I don’t mean to dispense with the idea that the Founders’ example should serve as a political and moral guide — it should, and does, speak a great deal about the importance of service, sacrifice, and the rule of law. But beyond these and other abstract values, the theory of a unified narrative decays. Members of the Founding generation, during and after the Constitutional Convention, disagreed sharply on what manner of government they’d created. Thomas Jefferson regarded Adams’ presidency — and, to a lesser extent, Washington’s — as imperial, almost monarchical. On some points he was even right: Adams’ conception of the freedom of speech leaves, ah, something to be desired by modern standards. Hamilton fought for (and won, briefly) a national bank, as a clearinghouse for state debt and a necessary tool to build American credit. Whole swaths of the country saw this, in turn, as the death of sovereign states. Relatedly, John Calhoun, in living memory of the Founders, thought the Tenth Amendment permitted nullification of federal acts. Every President of the era, and most signatories to the Constitution, disagreed.

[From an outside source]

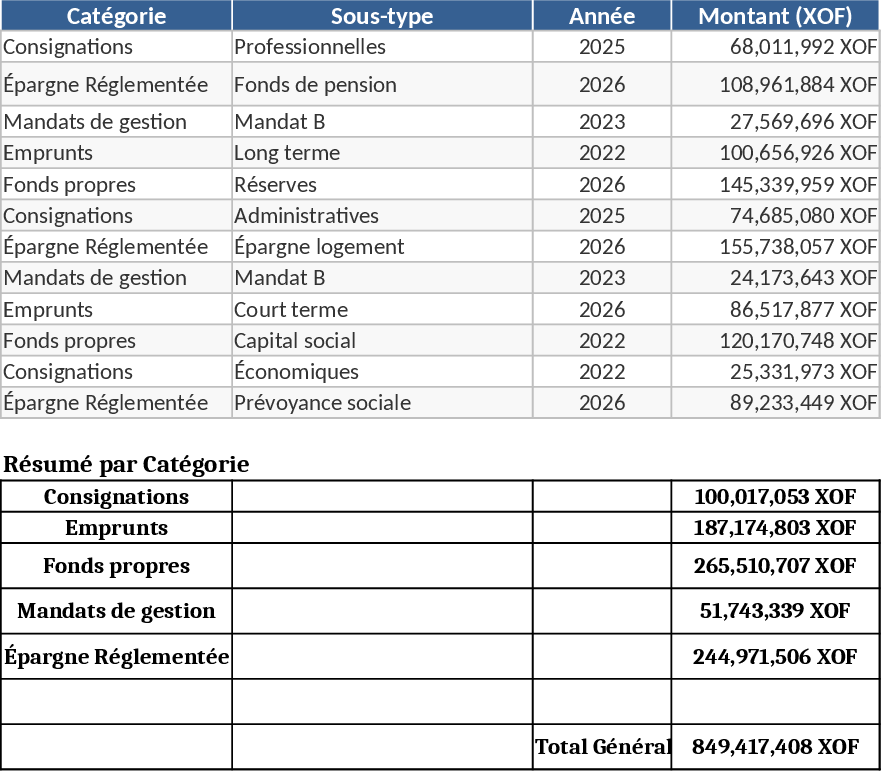 Modelo CDC Senegal Econômico e Financeiro Modelo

This should not be surprising. The drafting of the Constitution was a political act. We can attempt to discern the compromise on which the Founders settled — as we must, when determining legal controversies — but that’s a damn sight harder than looking at a complicated era of history and terming it “conservative,” especially when that word, as it’s used today, didn’t even exist at the time. Superficial answers to complicated questions will always fail: for example, “we’re a government of enumerated powers” is no answer to the question, “is healthcare reform constitutional?” Not, at least, with full knowledge of the fierce debate over the “necessary and proper” clause, and the context of its necessity after the Articles of Confederation — we rejected a form of government limited to enumerated powers. Questions like “what powers are ‘necessary and proper?'” are worth asking, but rarely asked, and notably avoided by appealing emotionally and exclusively to abstracted, simplistic theories of history.
Turning to Revolutionary War symbols to argue against discrete and identified policies is off point at best — an act of appropriation, not reverence — and insulting at worst. Our national symbols should remind us of who we are vis-à-vis the world, not each other. Put down the Gadsden flags; pick up a book.